> EXERCISE DETAILS:
Using the data below, restate exactly every line from the one with "5' x 8' Ivory" up to and including the one with "Pampas Grass und". No picture belongs in it.

> DATA EXTRACT:

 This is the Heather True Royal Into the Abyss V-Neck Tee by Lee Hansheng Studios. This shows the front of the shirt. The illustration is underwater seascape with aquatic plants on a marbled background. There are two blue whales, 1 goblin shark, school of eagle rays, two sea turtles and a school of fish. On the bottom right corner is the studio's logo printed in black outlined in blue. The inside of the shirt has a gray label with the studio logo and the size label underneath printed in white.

---

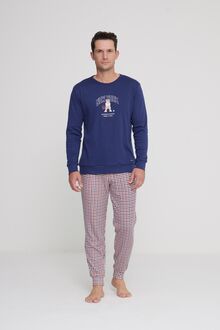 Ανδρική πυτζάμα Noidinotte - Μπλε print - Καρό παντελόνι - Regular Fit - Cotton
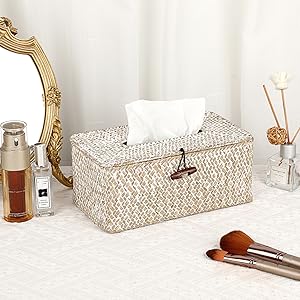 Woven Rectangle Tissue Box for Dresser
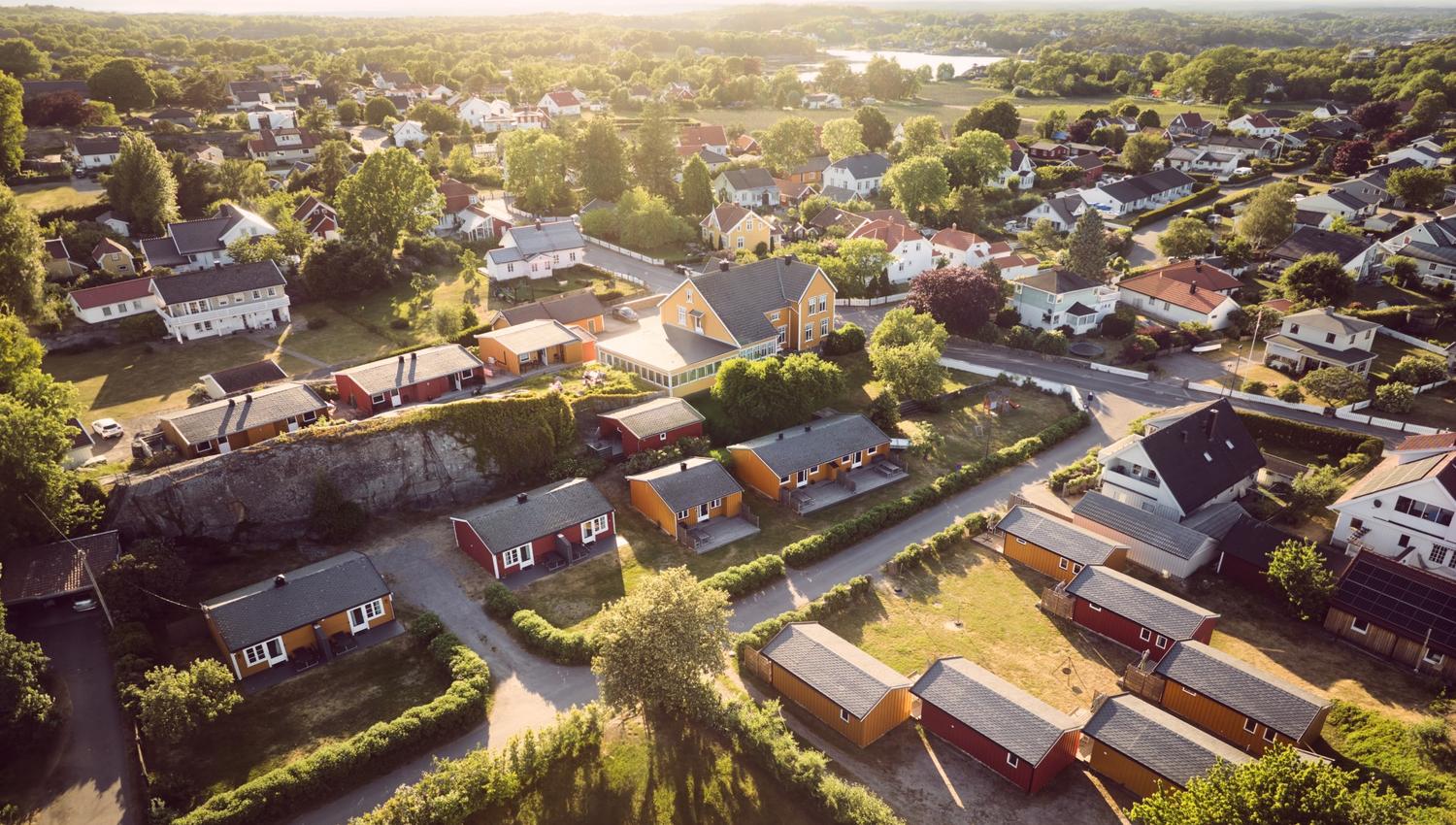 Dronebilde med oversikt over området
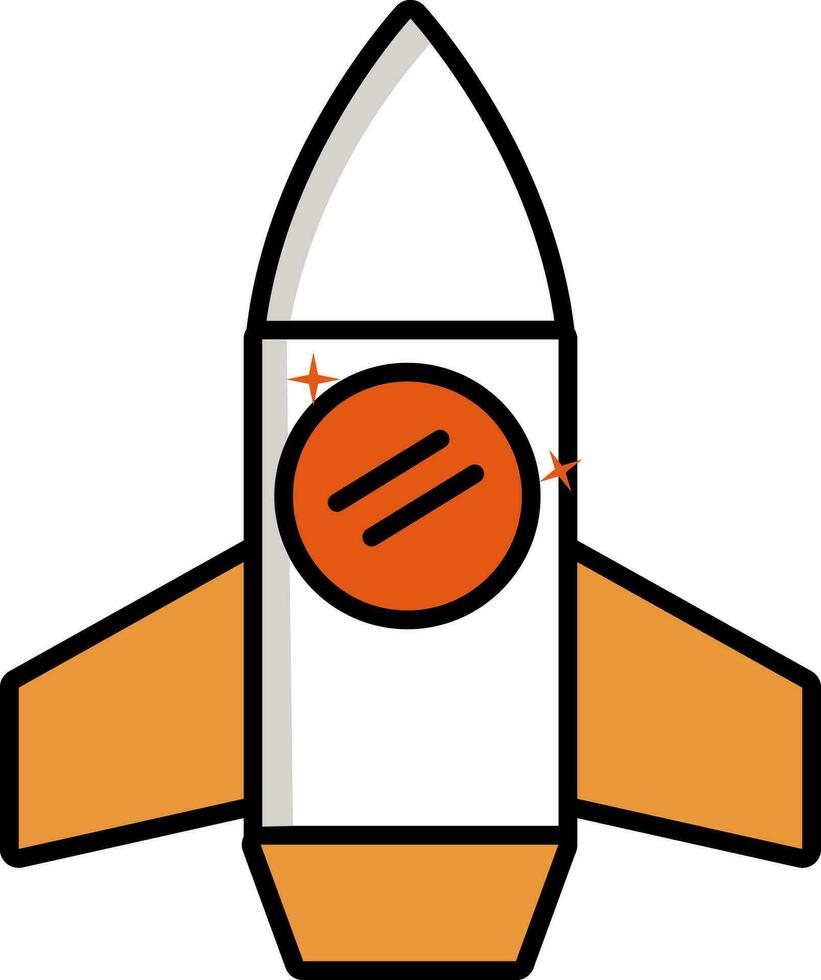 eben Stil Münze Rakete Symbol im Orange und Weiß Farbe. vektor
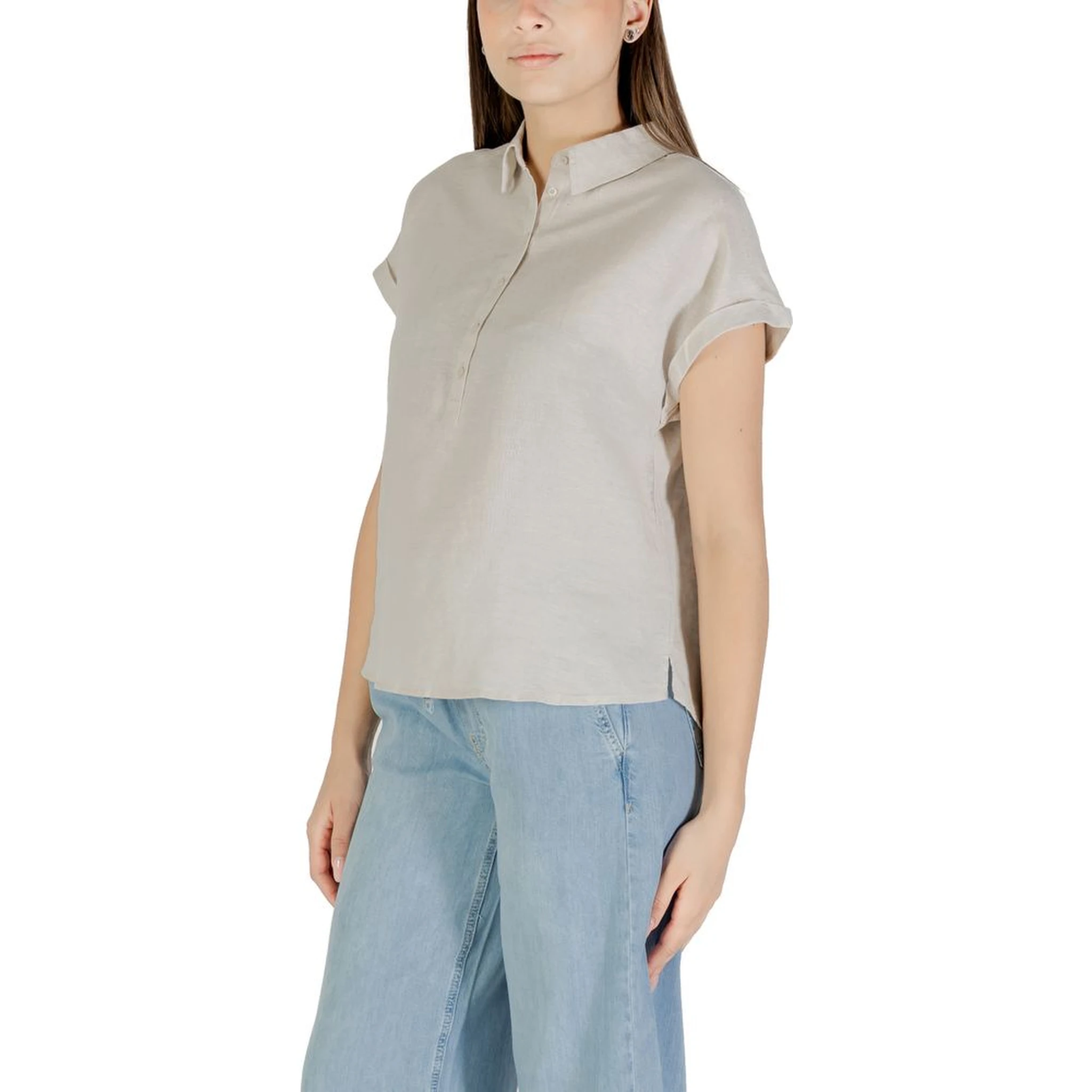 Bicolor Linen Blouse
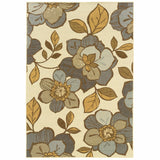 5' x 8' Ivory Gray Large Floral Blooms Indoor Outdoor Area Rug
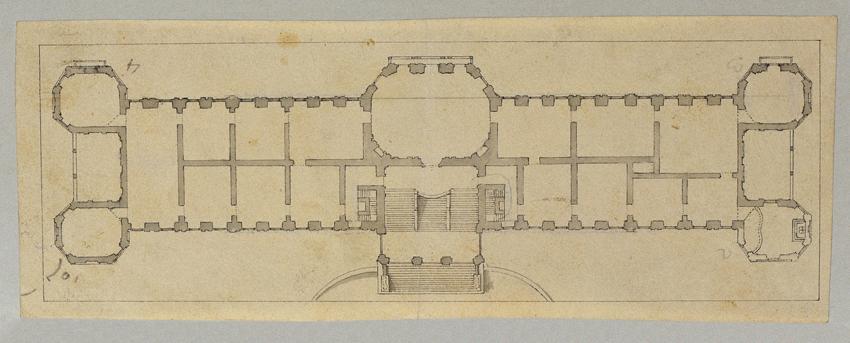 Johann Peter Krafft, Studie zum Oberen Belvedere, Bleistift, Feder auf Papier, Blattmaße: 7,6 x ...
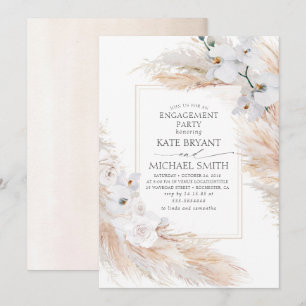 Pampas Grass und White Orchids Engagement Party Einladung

> EXPECTED OUTPUT:
 5' x 8' Ivory Gray Large Floral Blooms Indoor Outdoor Area Rug
 Johann Peter Krafft, Studie zum Oberen Belvedere, Bleistift, Feder auf Papier, Blattmaße: 7,6 x ...
 Pampas Grass und White Orchids Engagement Party Einladung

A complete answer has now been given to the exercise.